At first sight, this seems contrary to everything we have ever been taught about the common law. Decisions depend on the facts of an individual case. Our judges decide real disputes between specific parties.

But the Lord Chief Justice, Lord Phillips – cross-examined last month by his predecessor Lord Woolf – thought there might be some merit in the idea of so-called advisory declarations. So perhaps we should not dismiss the idea out of hand.

The issue first emerged when Charles Clarke was Home Secretary. Three years ago, he tried to ask the law lords how far ministers could go in the fight against terrorism without breaching human rights. Once the House of Lords had banned indefinite detention without trial for foreign terrorist suspects, Mr Clarke needed to know what sort of restrictions he could lawfully impose on suspected terrorists under the control orders he was planning to introduce.

The law lords knew that, sooner or later, they would have to rule judicially on the subject – as they did last October.

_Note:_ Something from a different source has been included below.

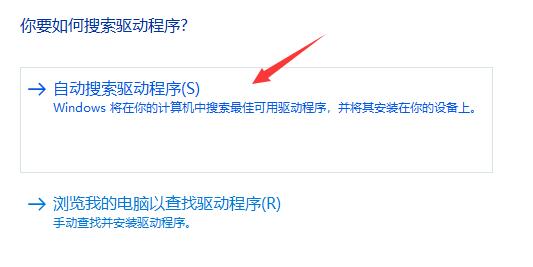 Win11鼠標(biāo)鍵盤無(wú)法使用怎么辦？Win11鼠標(biāo)鍵盤無(wú)法使用的解決方法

They rightly refused to meet the Home Secretary, even though they had been told it would be a ‘purely social meeting’. And this view was supported last year by the constitution committee of the House of Lords, an all-party select committee that includes former ministers, former law officers and others with a special interest in constitutional affairs.

‘It is essential that the law lords, as the court of last resort, should not even be perceived to have prejudged an issue as a result of communications with the executive,’ the committee concluded in July.

The next question considered by the committee was whether there should be a system of ‘abstract review’, under which senior judges would advise Parliament whether or not proposed or recently enacted legislation was contrary to human rights. Again, Mr Clarke thought that this would be a good idea and again the constitution committee knocked it down.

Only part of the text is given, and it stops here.